Building an End-to-End Machine Learning Prototype

TL;DR Build a complete Machine Learning project skeleton that serves as a baseline for future improvements

Every Machine Learning project follows a similar set of steps to (hopefully) deliver the goods. Many attempts will fail, but the successful ones go through the following steps, iteratively:

The lifecycle of a Machine Learning project

  • Planning/choosing a goal

  • Data collection & labelling

  • Creating features and preprocessing

  • Training and optimization

  • Deployment and testing

Planning

Choosing what to work on and what is the measurement of success is the most important part of the project.

Get help here! Ask domain experts, business people, meditate on it. Do spend some time to think about it. But don’t linger for too long. Analysis paralysis is a very common phenomenon in the real world!

Prototyping a baseline model

Once you’ve chosen your goal, you’re ready to get your hands dirty.
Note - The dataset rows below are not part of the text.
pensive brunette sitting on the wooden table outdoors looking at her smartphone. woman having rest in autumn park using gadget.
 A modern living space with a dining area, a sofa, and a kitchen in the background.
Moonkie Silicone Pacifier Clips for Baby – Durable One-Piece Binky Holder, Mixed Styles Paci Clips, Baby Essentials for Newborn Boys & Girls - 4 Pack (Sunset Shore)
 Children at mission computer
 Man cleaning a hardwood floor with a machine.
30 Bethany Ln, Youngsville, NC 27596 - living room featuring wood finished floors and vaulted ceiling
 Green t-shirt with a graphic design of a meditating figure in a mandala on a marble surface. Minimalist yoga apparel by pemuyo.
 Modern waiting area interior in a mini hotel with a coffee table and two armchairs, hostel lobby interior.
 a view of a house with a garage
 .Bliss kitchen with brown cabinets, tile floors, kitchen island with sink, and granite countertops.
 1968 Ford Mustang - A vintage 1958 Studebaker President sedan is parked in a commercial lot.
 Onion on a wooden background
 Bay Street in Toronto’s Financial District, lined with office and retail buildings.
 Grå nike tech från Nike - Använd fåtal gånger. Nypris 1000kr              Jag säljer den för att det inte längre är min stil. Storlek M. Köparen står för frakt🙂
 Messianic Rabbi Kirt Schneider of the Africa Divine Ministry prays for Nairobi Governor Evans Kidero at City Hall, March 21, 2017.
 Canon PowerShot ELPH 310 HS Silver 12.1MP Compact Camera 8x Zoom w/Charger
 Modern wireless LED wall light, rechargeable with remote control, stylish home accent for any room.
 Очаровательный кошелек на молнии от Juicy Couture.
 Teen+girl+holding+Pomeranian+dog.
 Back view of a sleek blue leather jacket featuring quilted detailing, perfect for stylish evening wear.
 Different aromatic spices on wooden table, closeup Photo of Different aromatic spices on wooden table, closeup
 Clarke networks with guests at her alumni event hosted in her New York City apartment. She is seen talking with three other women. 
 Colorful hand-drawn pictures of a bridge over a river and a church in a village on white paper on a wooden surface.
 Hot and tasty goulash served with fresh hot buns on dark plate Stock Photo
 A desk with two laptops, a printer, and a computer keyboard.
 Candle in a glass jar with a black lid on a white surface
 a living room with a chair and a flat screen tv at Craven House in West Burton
Jupyter notebooks are a great prototyping/experimentation tool. You can use a notebook(s) to get some quick ideas about the feasibility and performance of a model.

After you get some results, you’ll proceed to create a full-blown project containing the baseline model. This will be a lot of work, but some rewards you might expect are bug fixes, new ideas, and developing something that (hopefully) has a real-world impact.

Next, we’ll go over an example task of automating the decision of whether a bank customer has good or bad credit risk.

Data collection

If you haven’t solved any real-world ML problems yet, you might believe that most datasets get stored as CSV files. While this format is great when learning, you’ll often need to understand SQL, pickle, HDF5, Parquet, and many more.

Labeling

Sometimes your data will have labels, but it might not be exactly the data you need. Other times, you’ll miss labels altogether. What can you do?

Creating a labeling infrastructure will be time well spent, for sure. Increasing the data size and reducing the noise in your data (having less wrong data) will dramatically increase the predictive power of your model(s).

You will always want more and cleaner data. So keep getting it, slowly but surely. At some point, you’ll notice you start getting diminishing returns. Depending on the problem you’re solving, it might be a good idea to focus on other issues in the project.

Looking at the data

This might sound boring and complete nonsense but go through different examples from the data. Can you figure out the labels for each one? Are the labels correct? Are the labels consistent?

Remember, feeding your model with crappy data will give you garbage results. At this stage of the project, you don’t want to deal with crap - there will be plenty later on.

Get the data

We’ll build a complete prototype of a system that predicts the credit risk for a given bank customer. The data describes the clients using a set of attributes of mixed types (similar to a real-world scenario).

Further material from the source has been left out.